Europa is covered in a thick crust of ice, the surface of which is plastered with lineae, a tangled network of salt-encrusted gashes thought to have formed by tidal forces. There’s also a series of surface features called “chaos terrain,” which are thought to be regions where blocky chunks of sulfur and salt-stained crust, initially laid upon buried lakes, have subsided. It doesn’t get more badass than that.

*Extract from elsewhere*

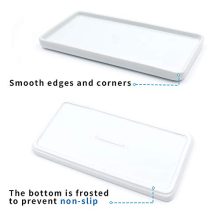 Floatant Small Ceramic Candle Tray Rectangle White Sink Tray Perfume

Beneath that crust, scientists believe there’s a vast saltwater ocean, nestled atop a rocky mantle and iron core. That ocean contains more water than all of Earth’s oceans, explains planetary scientist Christopher Edwards, PhD, of Northern Arizona University. Researchers have proposed sending a submersible that would drill down through the moon’s thick crust—perhaps slipping into one of these canyons—to explore the ocean beneath.
“I think [Europa]’s got the highest probability of hosting some alien life in our solar system that we could go and find out if it’s there,” says former NASA astronaut John Grunsfeld, PhD. “We’re going to do that hopefully with Europa Clipper or some other missions.”

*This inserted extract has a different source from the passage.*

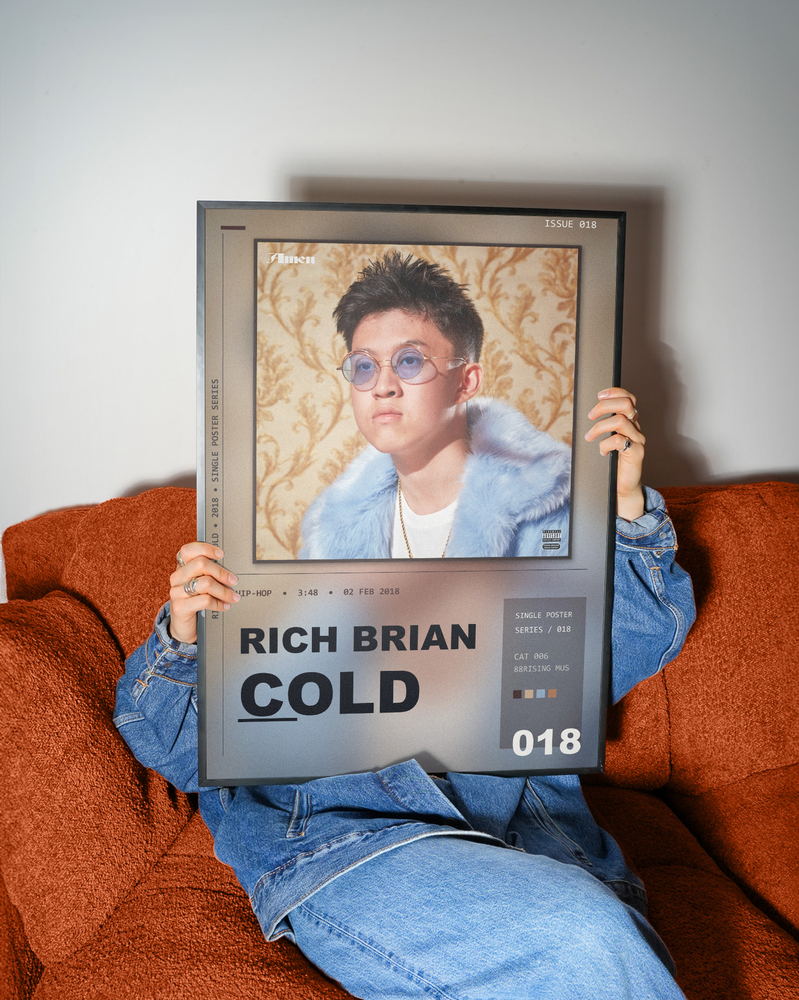 Music poster: Rich Brian - Cold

NASA’s Europa Clipper mission is set to launch for the frozen moon in October 2024. Once it arrives at Europa (after a six-year journey), the spacecraft will conduct nearly 50 flybys. Its array of scientific instruments will snap pictures and capture spectra and thermal images of this geologically active moon—all in an effort to more closely identify its most active regions.
We can’t wait to see what it finds.
6. Ganymede
“It’s definitely the most underrated moon in the solar system,” says Jacob Abrahams, PhD, a former member of the Europa Clipper team at NASA’s Jet Propulsion Laboratory. Jupiter’s Ganymede is also the largest in our solar system—it’s larger than Mercury—and likely has a vast ocean of salty water beneath its crust.
“It’s the only moon we’ve known yet which has its own magnetic field, and we don’t know why, really,” space scientist Glyn Collinson, PhD, of NASA’s Goddard Space Flight Center says. “Basically all of our physics and understanding breaks down, and everybody’s models go wrong, and everybody ends up yelling at each other.”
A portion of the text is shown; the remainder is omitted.